I went out with Liam today. It was the first time I’ve gone out like this since...well, since you. I was so nervous getting ready, thinking about how different things are now. Mom was so happy to see me getting out again. She’s been so worried about me, and seeing her smile made me feel like I was doing something right.
Liam texted me that he was outside, and my stomach flipped. He looked genuinely happy to see me, and it was comforting. He complimented me, and it felt nice, but I couldn’t help but think of you. How you used to look at me, how you used to smile. I know it’s wrong to compare, but my mind kept going back to you.
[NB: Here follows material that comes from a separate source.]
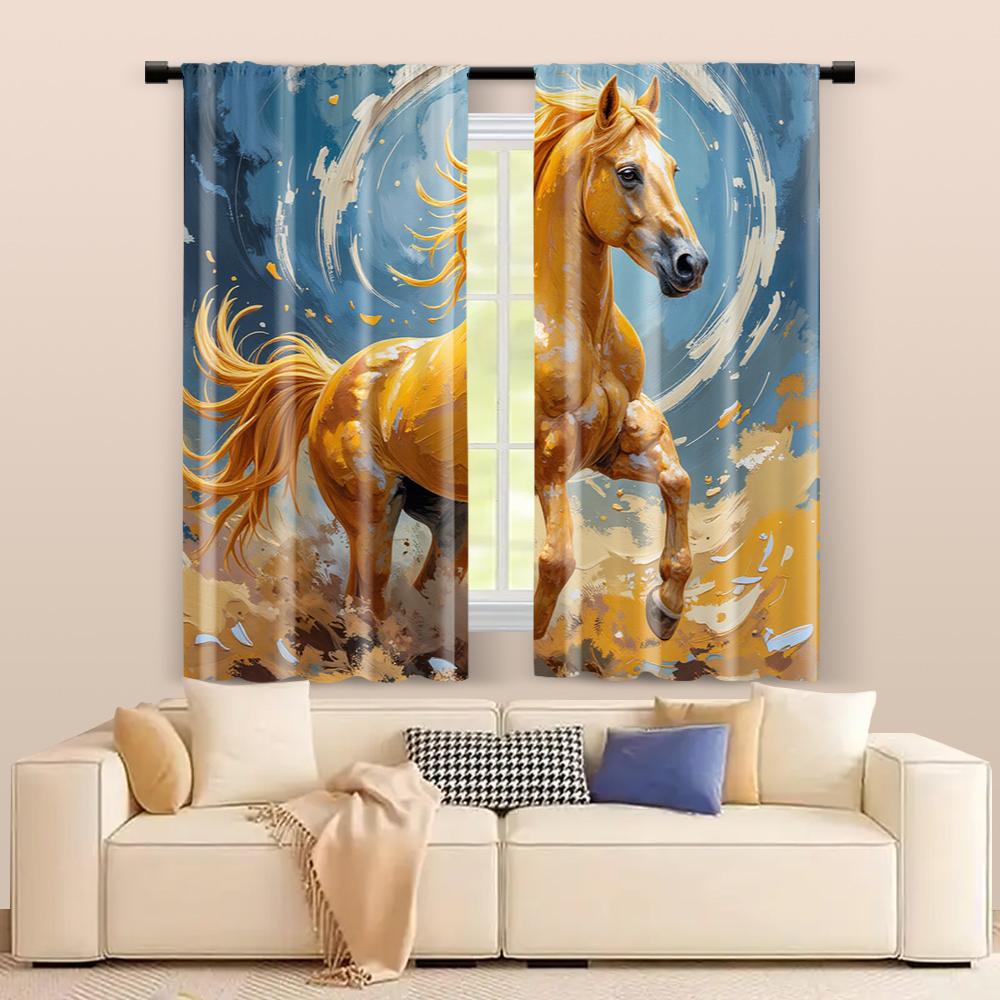 2 Pcs, Filtering Curtains (excluding Rods, Non-movable, Without Batteries) Colorful Horse (3) for Use In Bedrooms and Living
We drove into the city, talking about school and friends. I found myself laughing, actually enjoying the moment. We stopped for lunch at that café I love, and it felt so nostalgic. When it came time for dessert, I almost ordered chocolate mint ice cream without thinking. But then I realized that it wasn’t my favorite; it was yours. I always ordered it because you loved it. I ended up getting strawberry, my actual favorite. It was a small thing, but it felt significant, like I was choosing something for myself for the first time in a long time.
After lunch, we explored the city more, and then Liam took me to this beautiful, secluded spot by a lake. It was breathtaking, Kieran. The sun was setting, and the light danced on the water. There were wildflowers everywhere, and the trees framed the scene perfectly. It was so peaceful. I hugged him, overwhelmed by the beauty of it all, and it reminded me of hugging you. The way your heart would race.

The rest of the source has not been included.